Records provided:
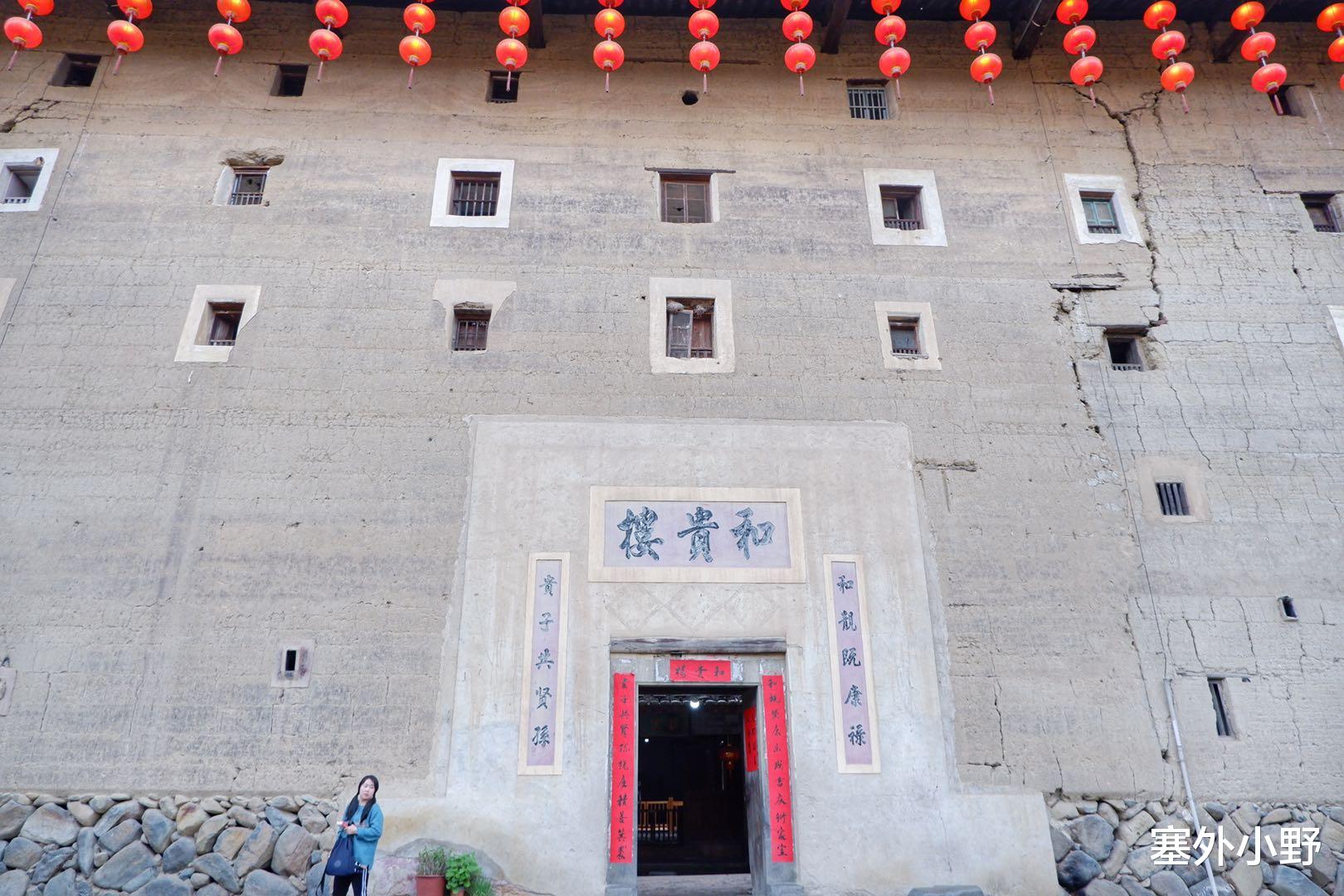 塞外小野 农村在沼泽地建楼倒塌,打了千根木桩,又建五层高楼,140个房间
...
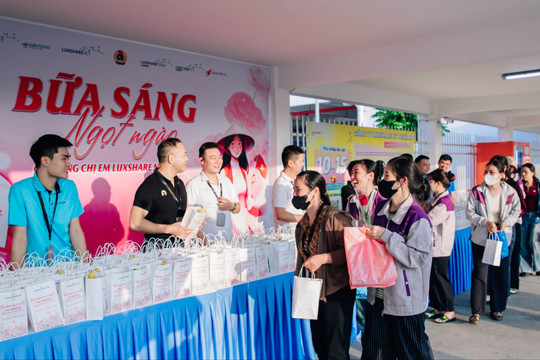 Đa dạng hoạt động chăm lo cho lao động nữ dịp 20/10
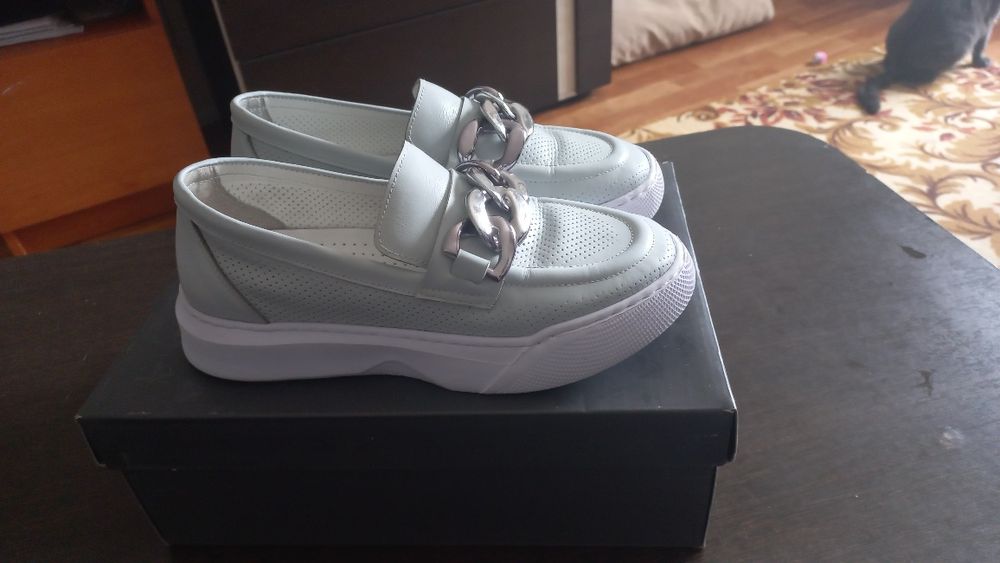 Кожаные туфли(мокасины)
--
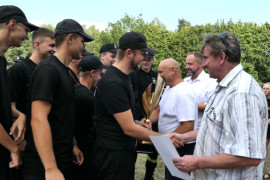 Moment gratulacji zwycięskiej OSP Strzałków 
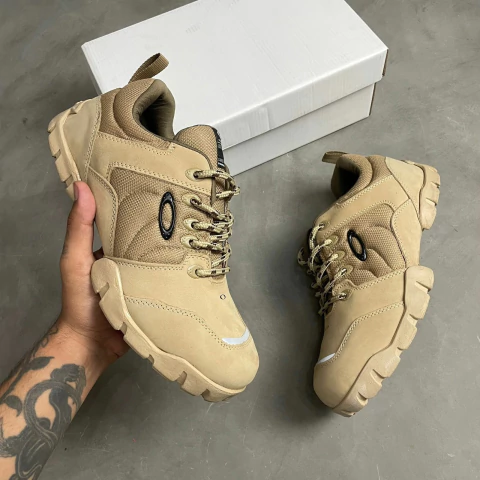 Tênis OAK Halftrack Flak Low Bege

Goal of the exercise: Only one part of the listing is wanted: the lines from the one containing "Moment gratulacji zwycięskiej OSP Strzałków" through the one containing "Tênis OAK Halftrack Flak Low Bege", both included. Please transcribe it exactly, leaving out the pictures.

Answer space:
 Moment gratulacji zwycięskiej OSP Strzałków 
 Tênis OAK Halftrack Flak Low Bege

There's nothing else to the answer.